\documentclass[11pt]{article}
\usepackage{latexsym}
\usepackage{amsmath}
\usepackage{amssymb}
\usepackage{amsthm}
\usepackage{epsfig}
\usepackage{psfig}
\newcommand{\handout}[5]{
\noindent
\begin{center}
\framebox{
\vbox{
\hbox to 5.78in { {\bf 6.851: Advanced Data Structures } \hfill #2 }
\vspace{4mm}
\hbox to 5.78in { {\Large \hfill #5 \hfill} }
\vspace{2mm}
\hbox to 5.78in { {\em #3 \hfill #4} }
}
}
\end{center}
\vspace*{4mm}
}
\newcommand{\lecture}[4]{\handout{#1}{#2}{#3}{Scribe: #4}{Lecture #1}}
\newtheorem{theorem}{Theorem}
\newtheorem{corollary}[theorem]{Corollary}
\newtheorem{lemma}[theorem]{Lemma}
\newtheorem{observation}[theorem]{Observation}
\newtheorem{proposition}[theorem]{Proposition}
\newtheorem{definition}[theorem]{Definition}
\newtheorem{claim}[theorem]{Claim}
\newtheorem{fact}[theorem]{Fact}
\newtheorem{assumption}[theorem]{Assumption}
% 1-inch margins, from fullpage.sty by H.Partl, Version 2, Dec. 15, 1988.
\topmargin 0pt
\advance \topmargin by -\headheight
\advance \topmargin by -\headsep
\textheight 8.9in
\oddsidemargin 0pt
\evensidemargin \oddsidemargin
\marginparwidth 0.5in
\textwidth 6.5in
\parindent 0in
\parskip 1.5ex
\begin{document}
\lecture{16 --- April 11, 2005}{Spring 2007}{Oren Weimann}{Alison Cichowlas}
\section{Overview}
In the last lecture we found even lower minimum bounds for the static predecessor problem, using message elimination.

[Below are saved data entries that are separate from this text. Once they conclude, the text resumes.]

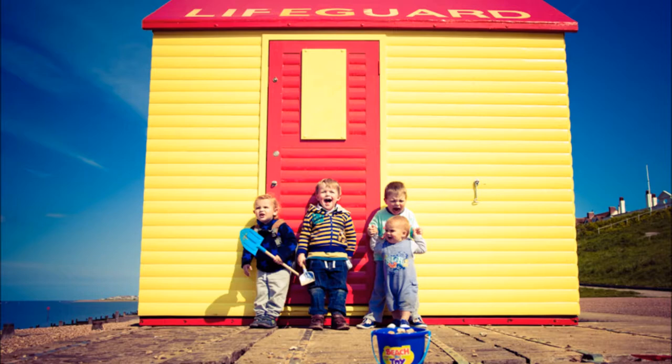Tell me their names — who are they? We've got Ted, who's the eldest, with his brother Rupert in front of him. And Nate is next to him. And then Leo is on the left-hand side.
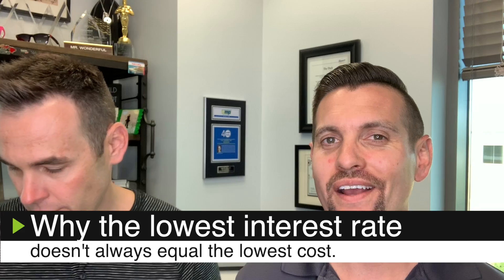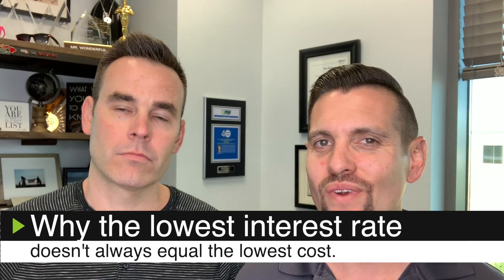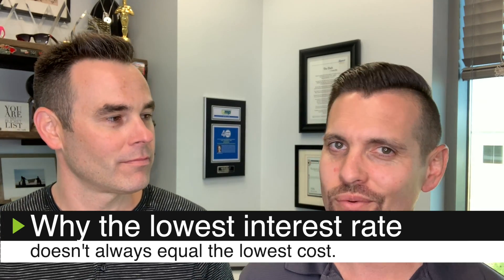Hello everyone. This is Brandon Leon. I'm here with Keith Collins. I'm your real estate expert in Rockland and Roseville. Keith Collins is the lending expert here locally in the area in Northern California. And today in this video, we're going to be talking about why the lowest interest rate doesn't always equal the lowest cost.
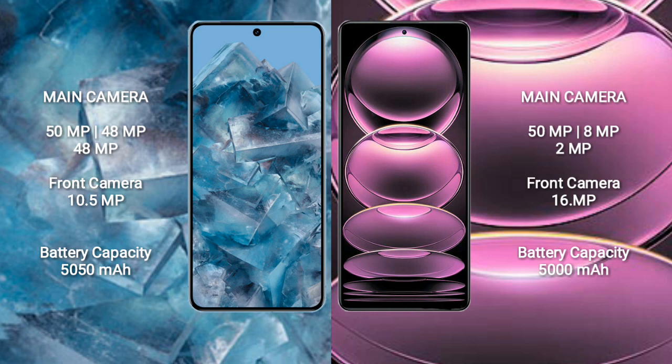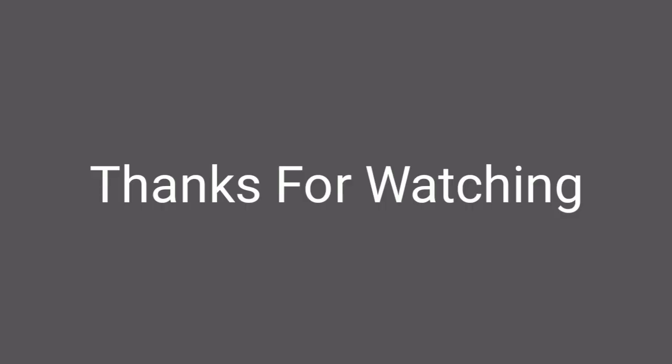Google Pixel 8 Pro has a 5050mAh battery with 30W fast charging support. Redmi Note 12 Pro has a 5000mAh battery with 67W fast charging support.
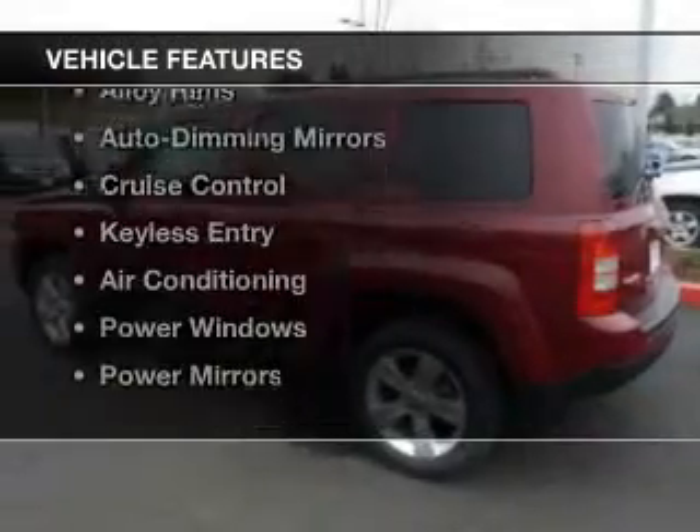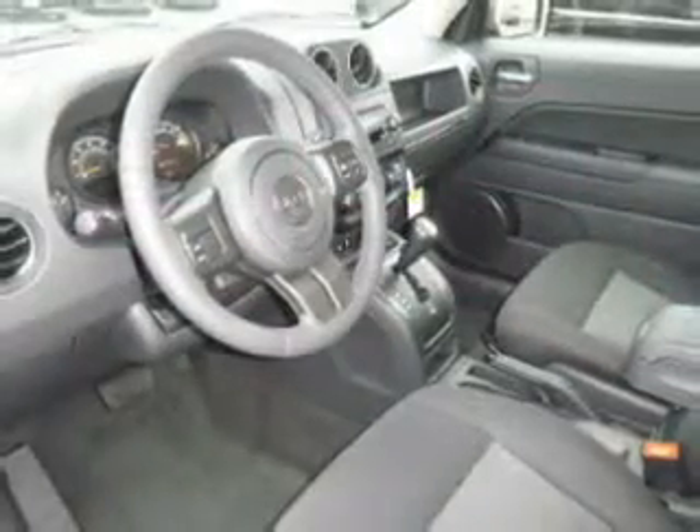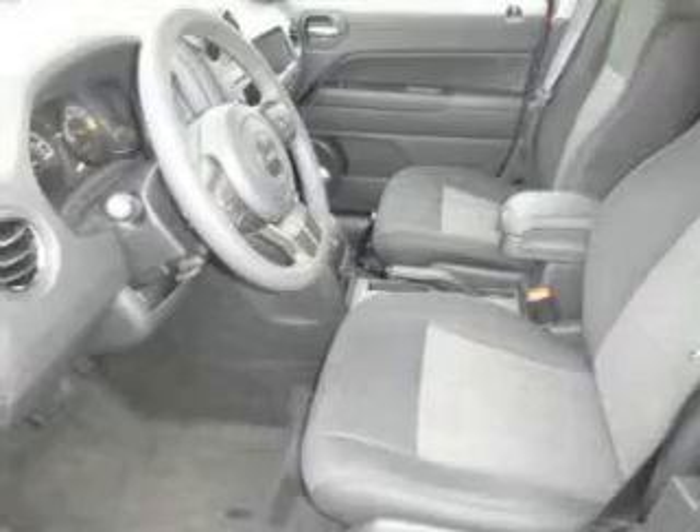The features include Bluetooth connectivity, remote start, steering wheel controls, alloy rims, auto dimming mirrors, cruise control, keyless entry, air conditioning, power windows, and power mirrors.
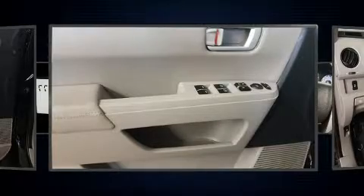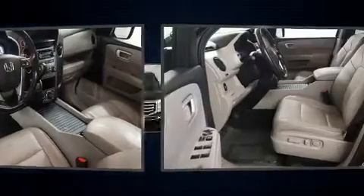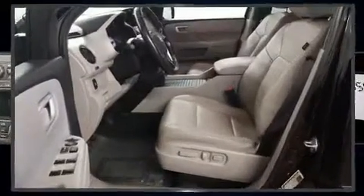Enjoy your favorite music via the stereo system, which includes a CD player with MP3 capability, steering wheel-mounted audio controls, and seven speakers enhancing the audio experience throughout the interior.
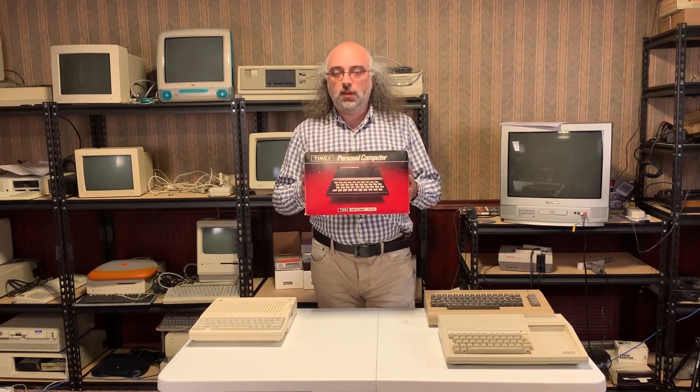Hello everyone and welcome to another episode of the Digilog video series. This time we're going back to our computer history videos, and the computer I want to talk about today is this one — the Timex Sinclair 1000. The reason I want to talk about it is because there are certain features that this computer has that made it quite unique for the time.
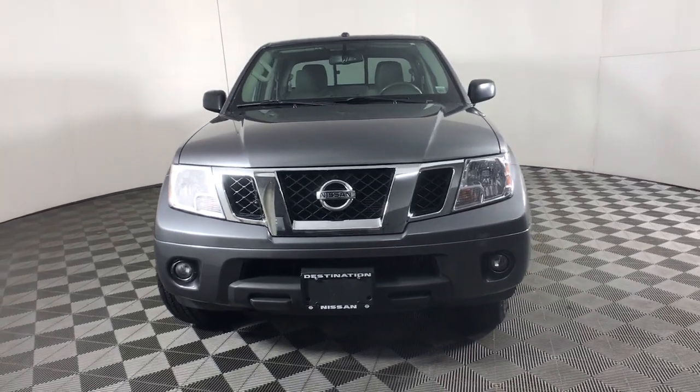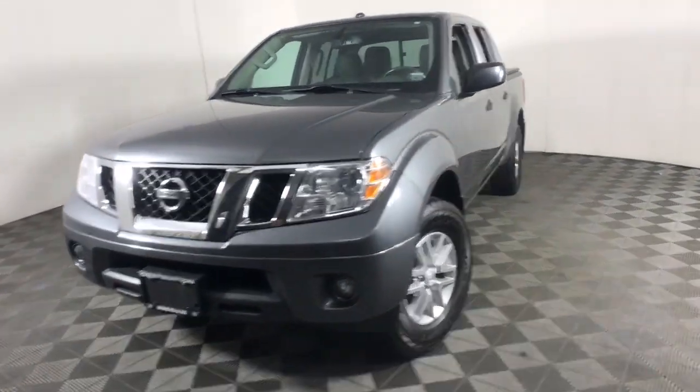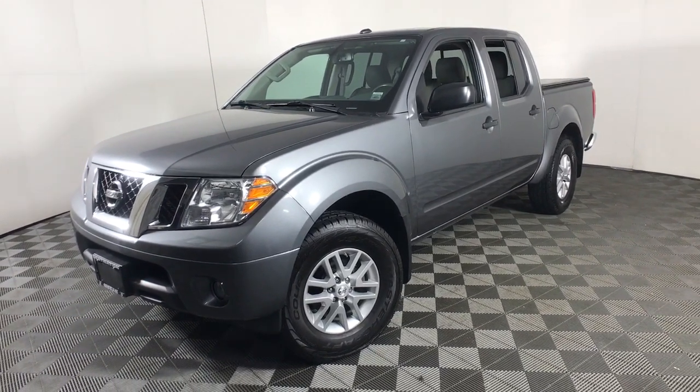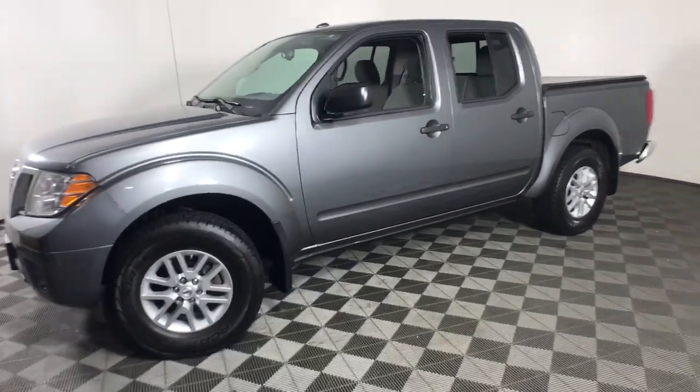Take a moment to check out the 2017 Nissan Frontier. This vehicle still has fewer than 60,000 miles on the clock, so it won't last long.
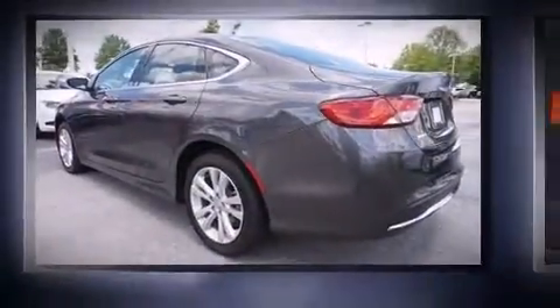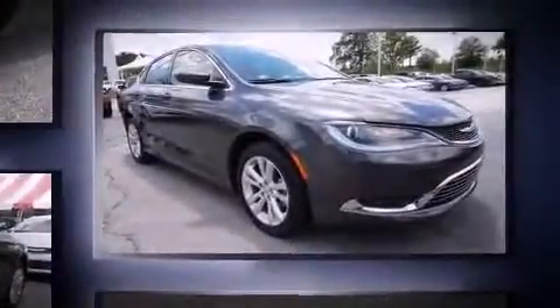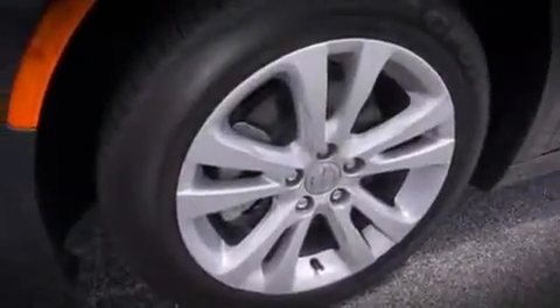The 2016 Chrysler 200. This 4-door, 5-passenger sedan offers the latest in technological innovation and style. Smooth gear shifts are achieved thanks to the 2.4 liter 4-cylinder engine, and for added security, dynamic stability control supplements the drivetrain.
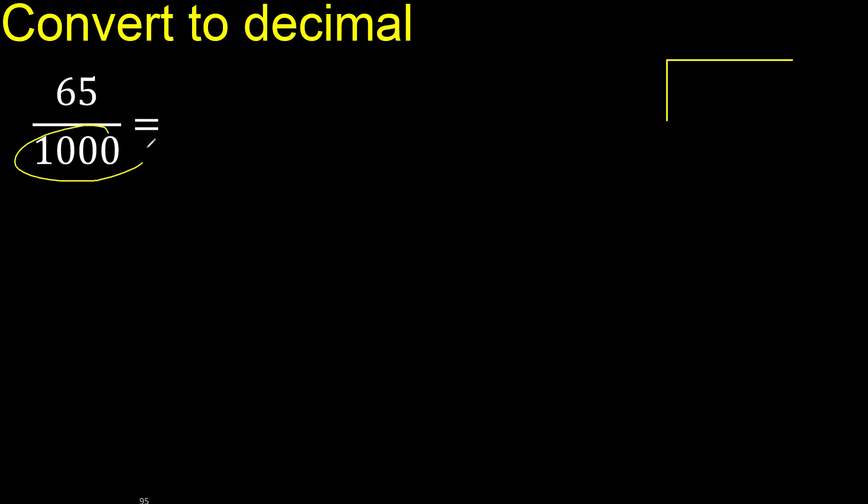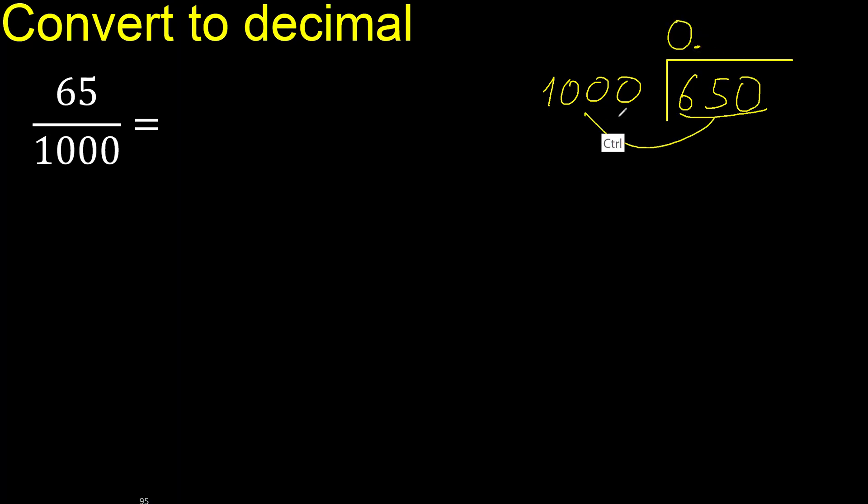65 divided by 1000. 65 is less, therefore complete — always complete with 0. 0 point. Is less, 0. Write 0 point only once.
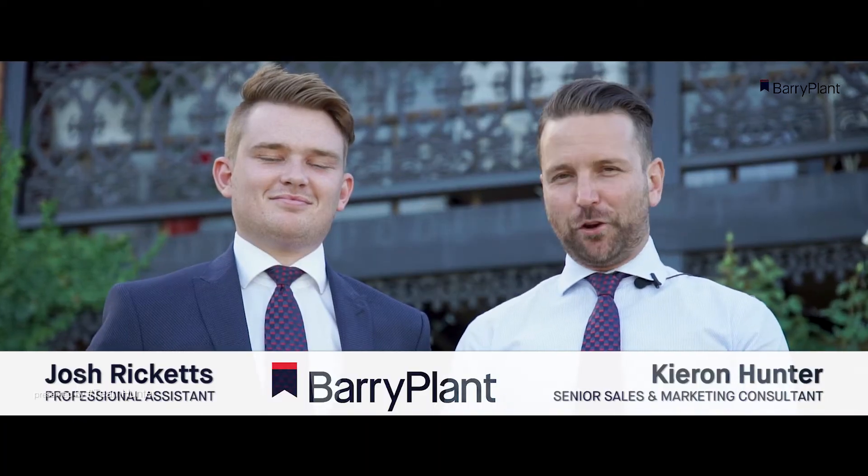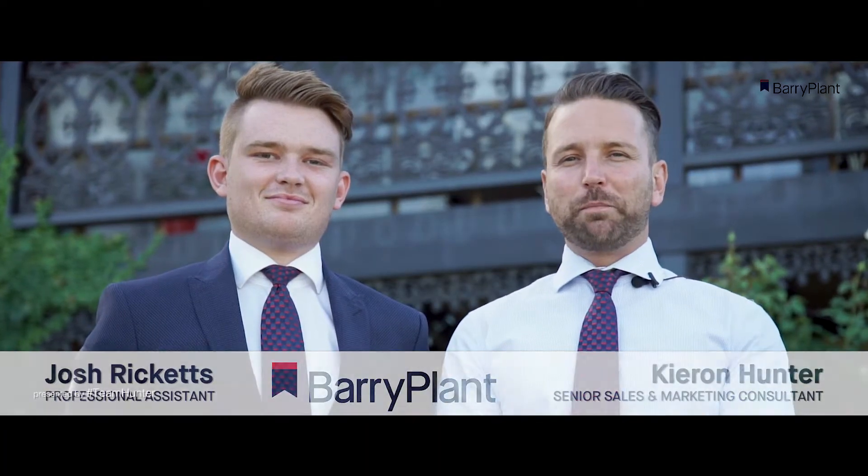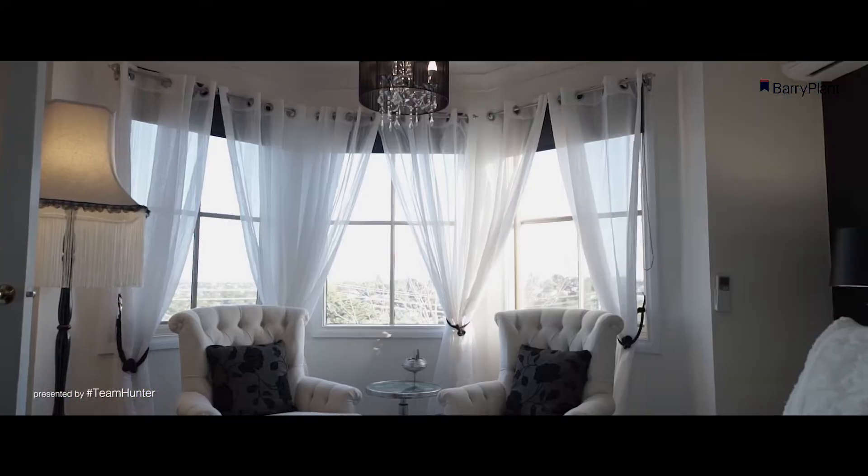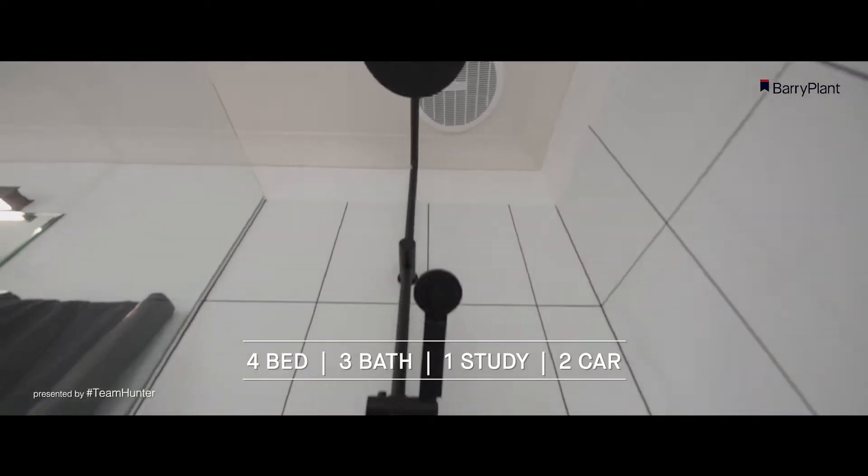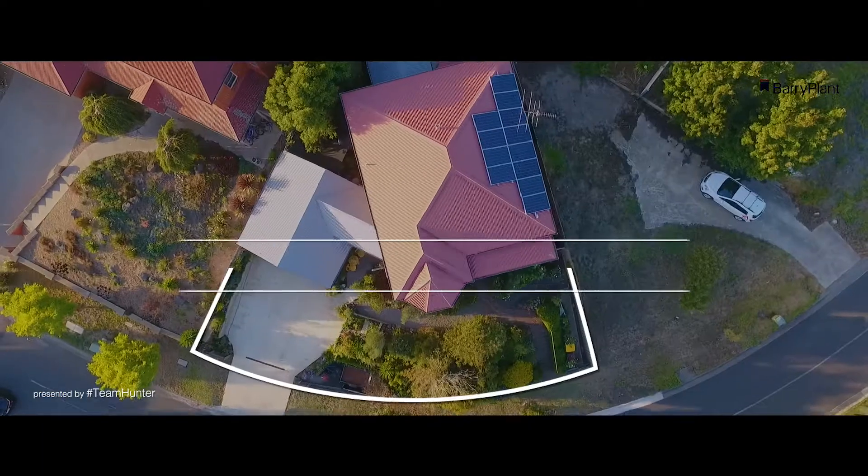Hi folks, Kieran Hunter here with Josh Ricketts. Today we're at 30B Victory Way, a very accommodating and versatile property. It features four bedrooms, three bathrooms, two living areas, and of course a double garage.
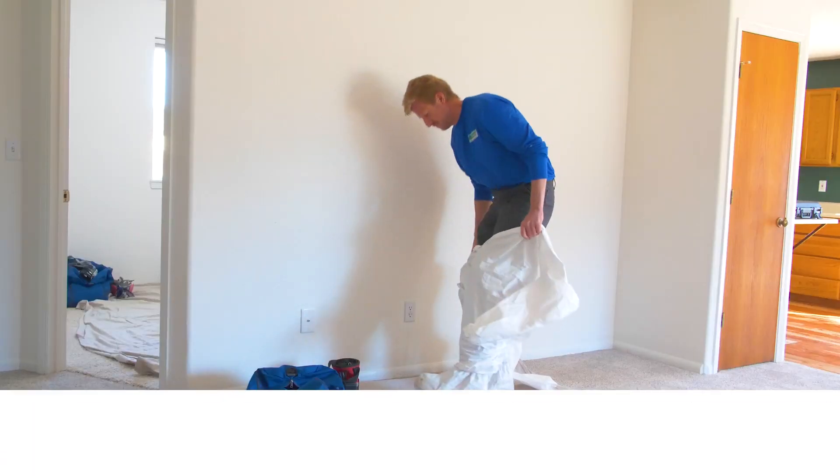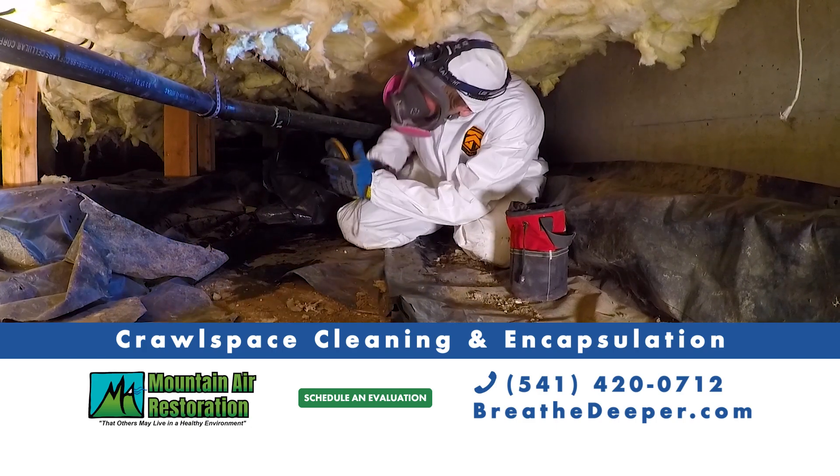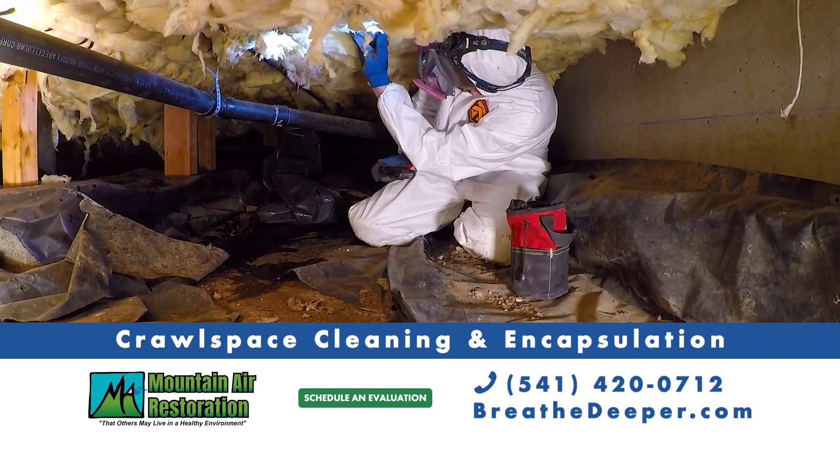It's time for spring cleaning. A good place to start is from the ground up. Crawl spaces are notoriously dirty, damp, moldy, and rodent infested.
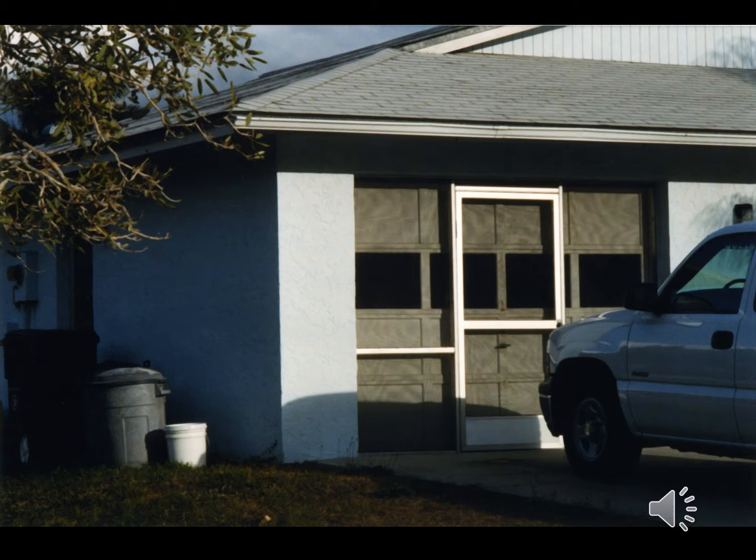Also, notice that we see only part of the vehicle. Is it an SUV or a truck? Another instance of Beck cutting things off, giving us just what we need to know to get what she's driving at.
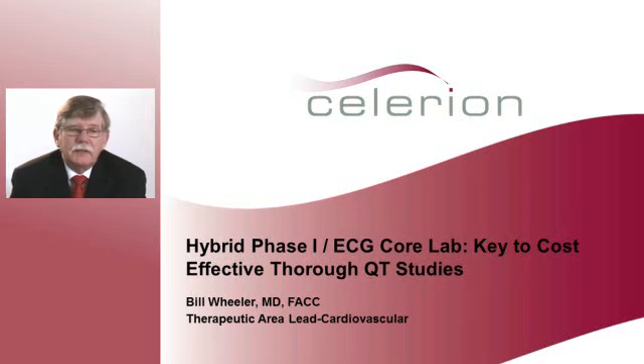Hi, I'm here to tell you today about the Solerion Hybrid Phase I ECG Core Lab as a key to cost-effective thorough QT studies. I'm Bill Wheeler, and I'm the Therapeutic Area Lead in Cardiovascular for Solerion.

In this lecture we move on to examining how to find the minimum index in a range of numbers or the least common ancestor of two nodes of a tree in constant time with linear preprocessing. This problem was first solved in 1984 \cite{first}, but a variety of different proofs of varying degrees of elegance have been published since.
\section{Main Section}
Instead of the original solution by Harel and Tarjan in 1984 \cite{first}, this lecture follows the simplified analysis presented in Bender and Farach-Calton's 2000 paper \cite{bender}. Other examinations of this problem are briefly overviewed in section \ref{last}.
\newline
We will examine the solution on an array $A$ of size $n$. Our example array will be \newline $(A = {17, 0, 36, 16, 23, 15, 42, 18, 20})$.
\newline
The naive solution to this problem requires $O(n^2)$ space in order to return an answer in $O(1)$ time, by a simple lookup table.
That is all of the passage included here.